Management’s Discussion and Analysis
August 31, 2015
Business infrastructure services
Capital investment of $152 million for the year is primarily related to growth related capital investment in core infrastructure
and equipment to deploy customer solutions. The amounts include $39 million related to investment in Canada.
ViaWest completed construction of its new facility in Hillsboro, Oregon in fiscal 2015 and completed construction on the new
flagship facility in Calgary in the fall of 2015. Each of these facilities will offer a comprehensive suite of infrastructure services,
including colocation, cloud and other managed services.
Media
Capital investment for the year was $16 million compared to $18 million in the prior year as work continued on various projects
including upgrading production equipment, infrastructure and facility investments.
FINANCIAL POSITION
Total assets were $14.6 billion at August 31, 2015 compared to $13.2 billion at August 31, 2014. Following is a discussion of
significant changes in the consolidated statement of financial position since August 31, 2014. The impact of the acquisition of
ViaWest includes the ongoing effects of foreign exchange differences arising on translation of those U.S. operations subsequent
to acquisition.
Current assets decreased $324 million due to decreases in cash of $239 million, inventories of $59 million and accounts
receivable of $25 million. Cash decreased as the cash outlay for investing activities, including the acquisition of ViaWest,
exceeded the funds provided by financing and operating activities. Accounts receivable decreased due to lower subscriber and
advertising receivables as a result of timing of collections, partially offset by the effect of the acquisition of ViaWest while
inventories were lower due to timing of equipment purchases and supply chain efficiencies.
Investments and other assets increased $37 million mainly due to the Company’s interest in shomi.
Property, plant and equipment increased $568 million due to the acquisition of ViaWest as well as current year capital
investment in excess of amortization. Other long-term assets decreased $24 million due to lower deferred equipment costs.
Intangibles and goodwill increased $1.1 billion due to the acquisition of ViaWest, partially offset by the sale of the wireless
spectrum licenses.
Current liabilities increased $542 million due to increases in accounts payable and accrued liabilities of $59 million and
current portion of long-term debt of $608 million, partially offset by a decline in income taxes payable of $146 million.

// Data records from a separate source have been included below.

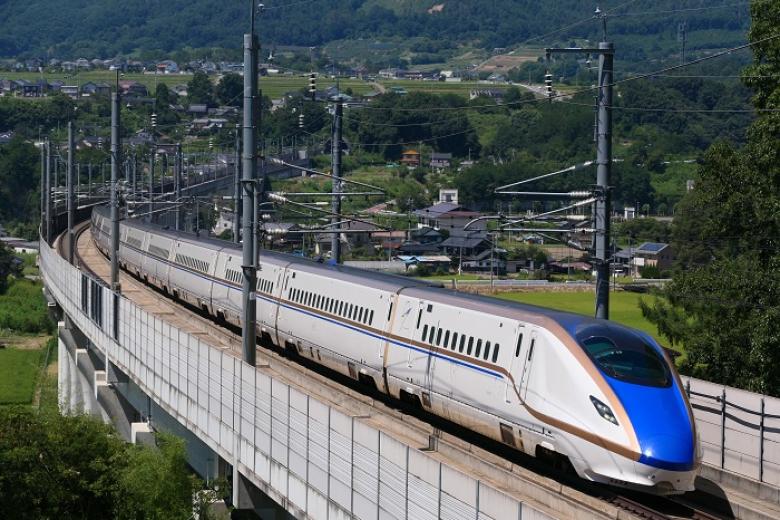 Trải nghiệm tàu điện Shinkansen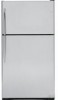 Get GE PTS25SHS - Profile 24.6 cu. Ft. Top Freezer Refrigerator reviews and ratings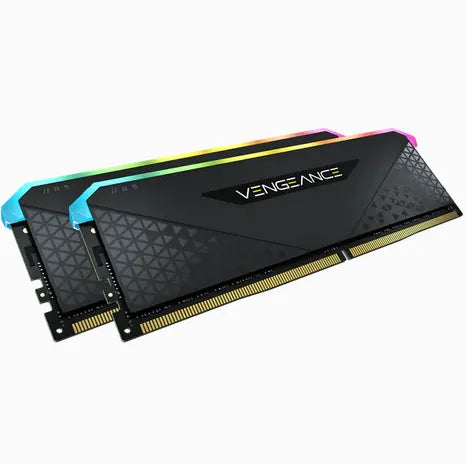 Corsair Vengeance CMG64GX4M2D3600C18, 64 GB, 2 x 32 GB, DDR4, 3600 MHz, 288-pin DIMM, Black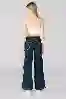 Resim Lacivert Normal Bel Fermuar Detay Kargo Pantolon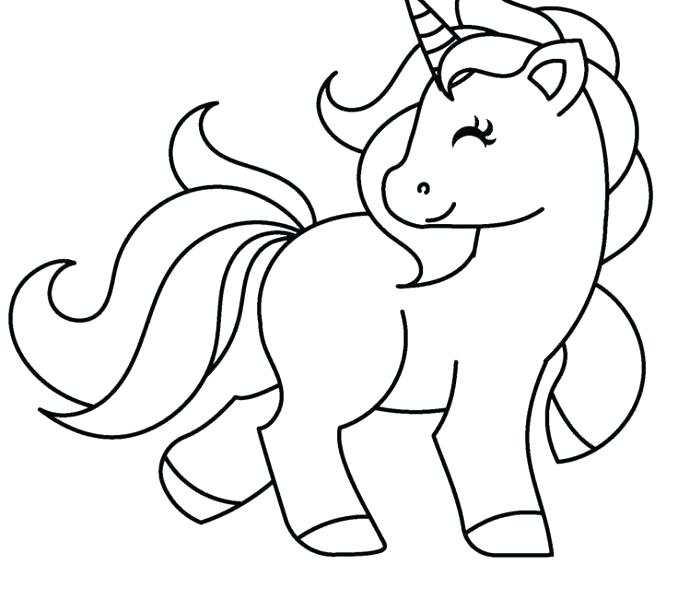 678x600 Unicorn Coloring Pages For Free Kids Coloring Unicorn Coloring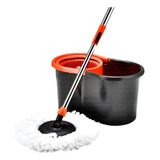 Mop Giratório Rodinhas Limpeza Pesada Esfregão Original 360 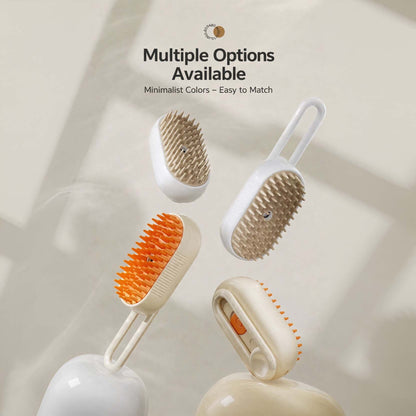 🔥46% OFF NOW ! Hot Sale Steam Grooming Brush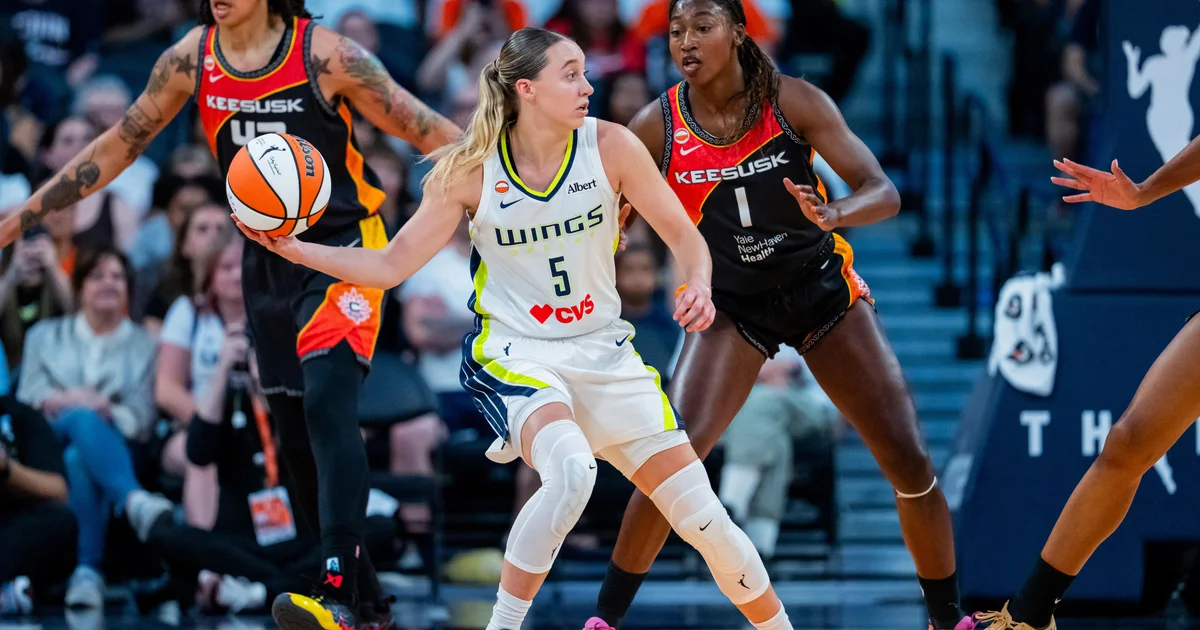 Paige Bueckers scores 11 of her 25 points in 4th quarter as Wings beat Sun, 86-83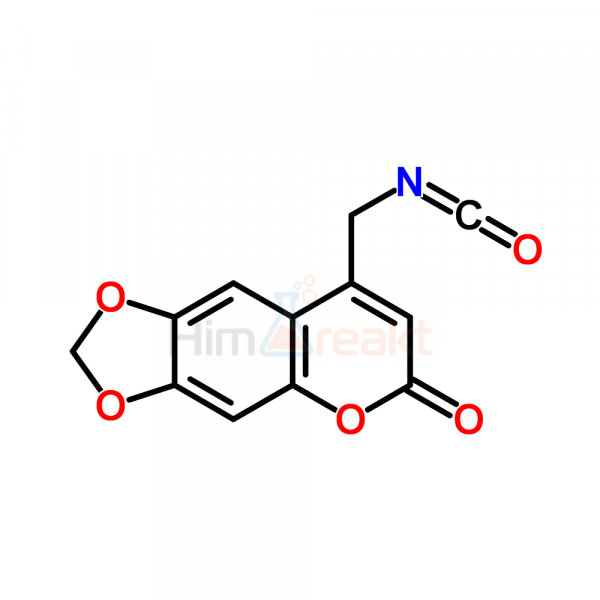 4,7-Метилендиокси-4-изоционат-метилкумарин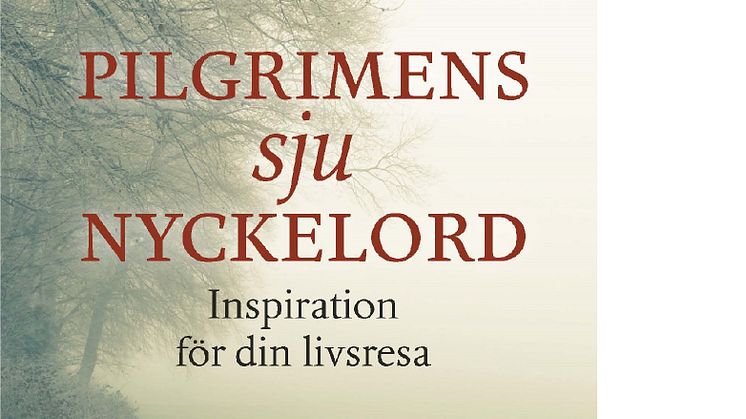 Omslagsbild: Pilgrimens sju nyckelord, Hans-Erik Lindström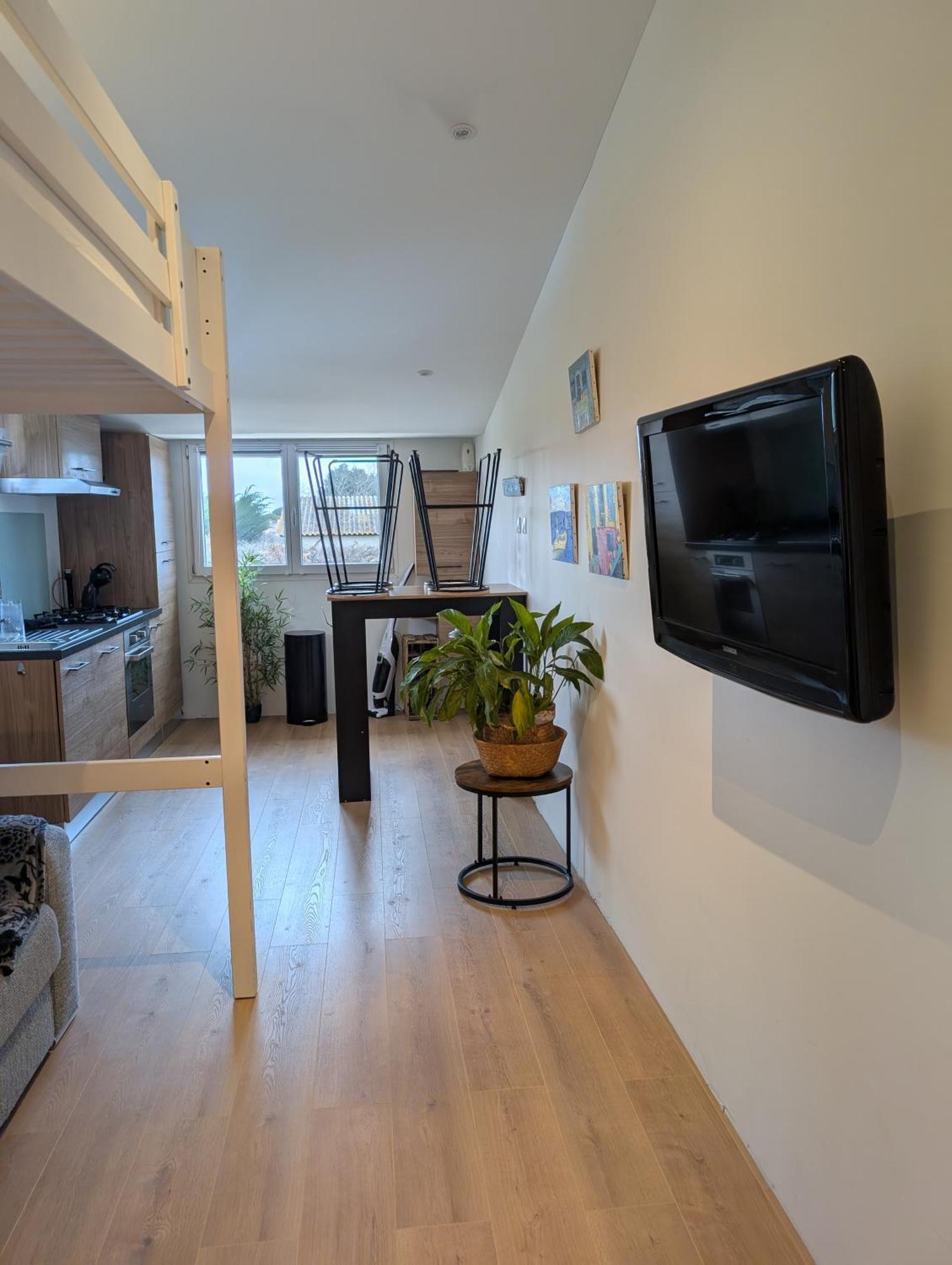 Studio Independant Tout Equipe Saint-Marcel-sur-Aude Luaran gambar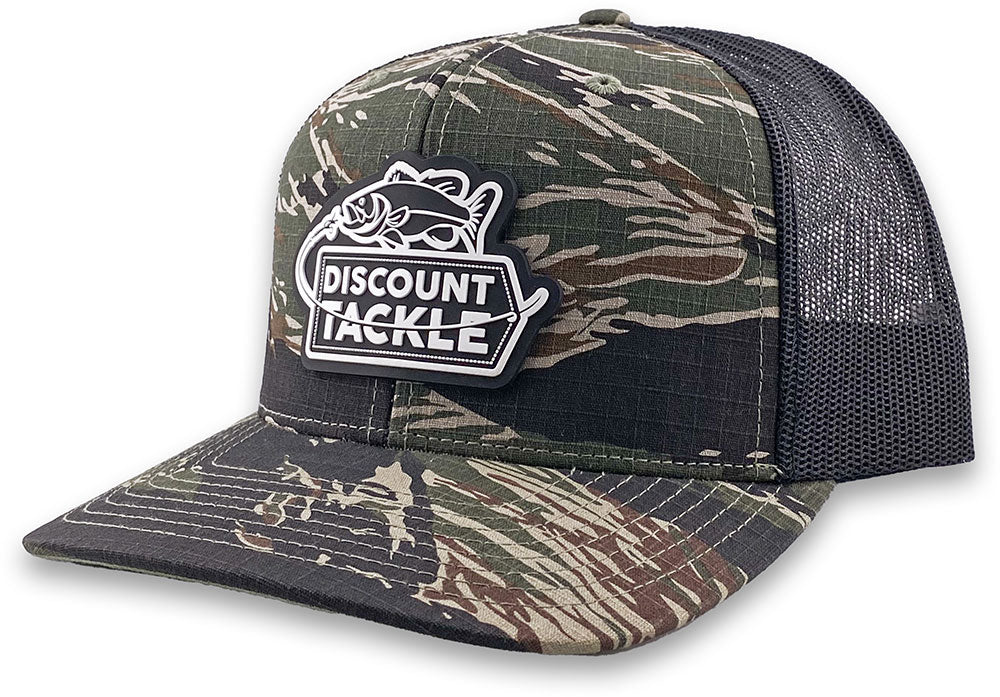 Discount Tackle 511 Patch Flat Bill Trucker Hat - TACKLE WAREHOUSE AMERICA​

Accounts payable and accrued liabilities increased due to timing of payment and fluctuations in various payables including
capital expenditures as well as the effect of the ViaWest acquisition. The current portion of long-term debt includes the $300
million variable rate senior notes which are due in February 2016, the 6.15% senior notes due in May 2016 and amounts in
respect of ViaWest’s debt. Income taxes payable decreased due to tax instalment payments, partially offset by the current year
provision.
Long-term debt increased $371 million due to ViaWest’s debt and borrowings under the Company’s credit facility of US$330
million used to partially fund the acquisition of ViaWest, partially offset by the reclassification of the aforementioned senior
notes to current liabilities.
Other long-term liabilities decreased $65 million due to contributions to employee benefit plans, partially offset by current year
pension expense, and a decrease in CRTC benefit obligations.
Deferred credits decreased $274 million due to completion of the sale of the spectrum licenses as the Company had previously
received $50 million in respect of the purchase price of the option to acquire wireless spectrum licenses and a $200 million
deposit in respect of the option exercise price during fiscal 2013.
Deferred income tax liabilities, net of deferred income tax assets, increased $42 million due to amounts arising on the
acquisition of ViaWest, partially offset by the current year income tax recovery.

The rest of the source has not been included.